> WHAT YOU ARE ASKED TO DO: Please return all lines from the records below that include the string "фото".

> DATA:

▼▼▼

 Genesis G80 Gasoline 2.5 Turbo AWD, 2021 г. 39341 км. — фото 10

▲▲▲
▼▼▼

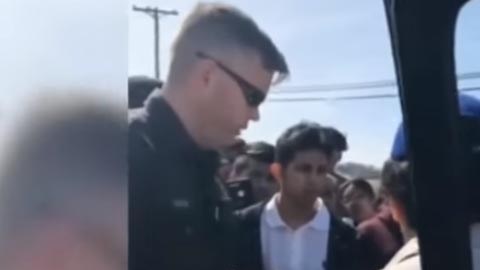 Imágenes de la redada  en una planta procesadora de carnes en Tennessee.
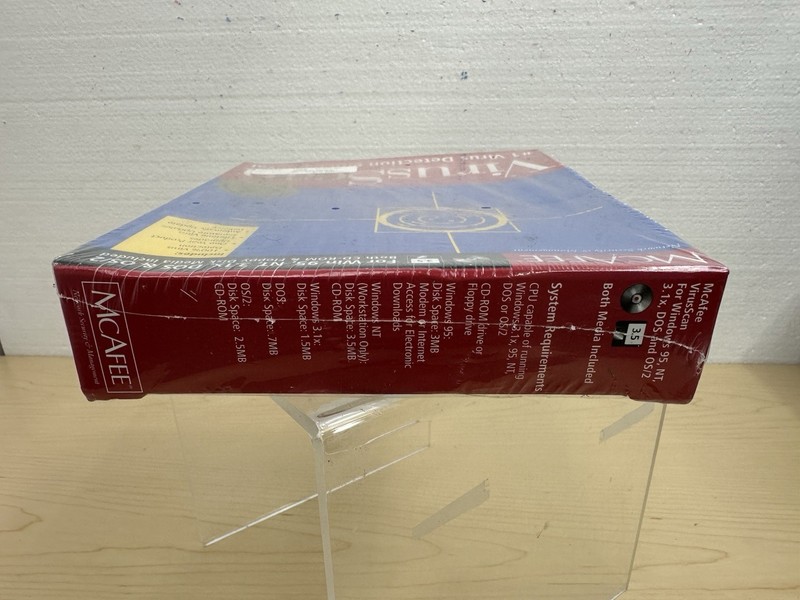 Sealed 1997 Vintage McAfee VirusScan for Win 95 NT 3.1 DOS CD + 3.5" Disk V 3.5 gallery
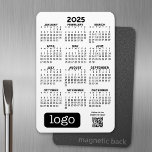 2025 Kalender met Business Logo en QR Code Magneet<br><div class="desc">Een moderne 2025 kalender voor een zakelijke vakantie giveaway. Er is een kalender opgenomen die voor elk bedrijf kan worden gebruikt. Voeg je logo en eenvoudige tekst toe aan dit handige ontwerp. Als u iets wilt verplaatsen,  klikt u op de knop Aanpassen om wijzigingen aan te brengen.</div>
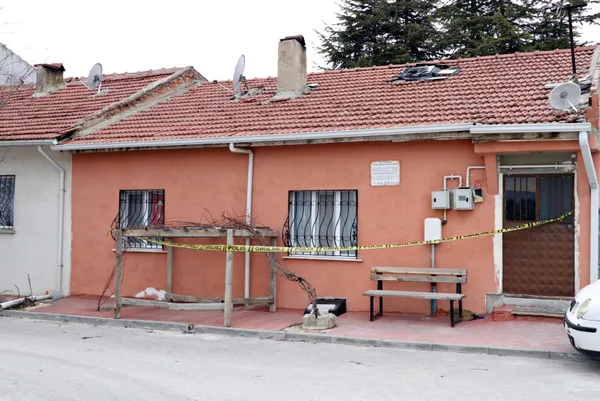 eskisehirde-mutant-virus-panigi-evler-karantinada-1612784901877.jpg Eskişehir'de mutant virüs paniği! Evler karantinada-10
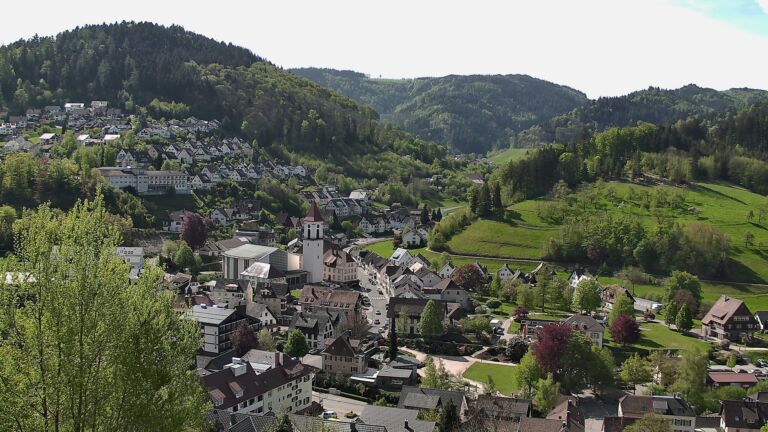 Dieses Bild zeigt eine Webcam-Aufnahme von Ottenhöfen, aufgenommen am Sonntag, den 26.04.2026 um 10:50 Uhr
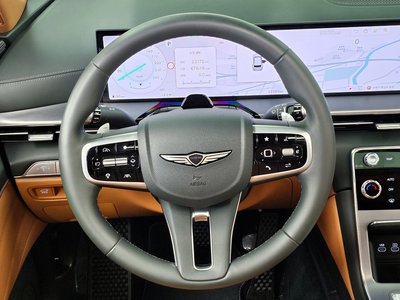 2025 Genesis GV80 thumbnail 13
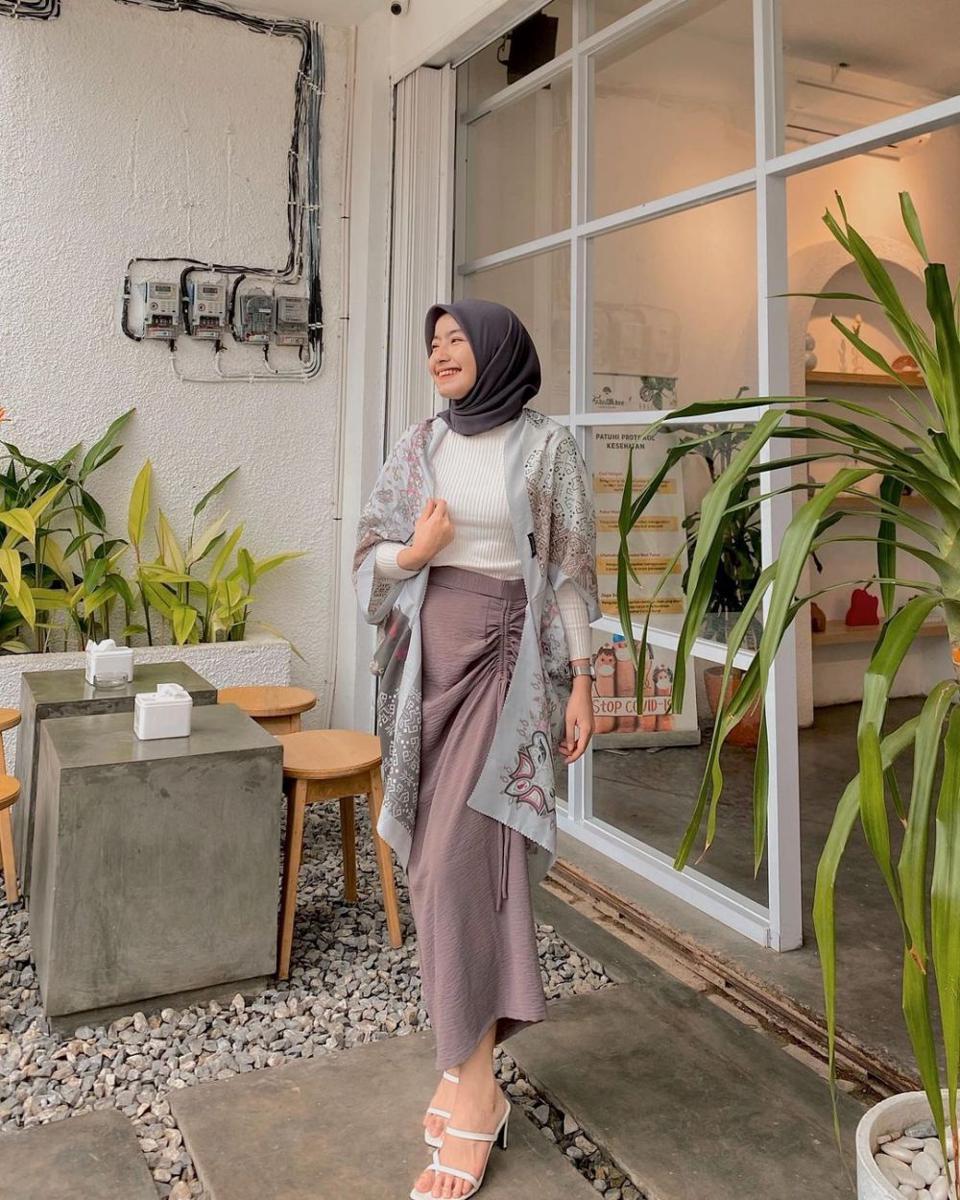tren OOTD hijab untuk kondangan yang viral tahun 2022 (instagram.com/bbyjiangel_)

▲▲▲
▼▼▼

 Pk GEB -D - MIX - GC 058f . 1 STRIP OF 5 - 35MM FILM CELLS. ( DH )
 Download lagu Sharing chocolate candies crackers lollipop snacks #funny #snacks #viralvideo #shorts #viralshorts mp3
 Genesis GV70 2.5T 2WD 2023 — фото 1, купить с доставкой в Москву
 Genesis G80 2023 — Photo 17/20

▲▲▲

> RESPONSE TO THIS EXERCISE:
 Genesis G80 Gasoline 2.5 Turbo AWD, 2021 г. 39341 км. — фото 10
 Genesis GV70 2.5T 2WD 2023 — фото 1, купить с доставкой в Москву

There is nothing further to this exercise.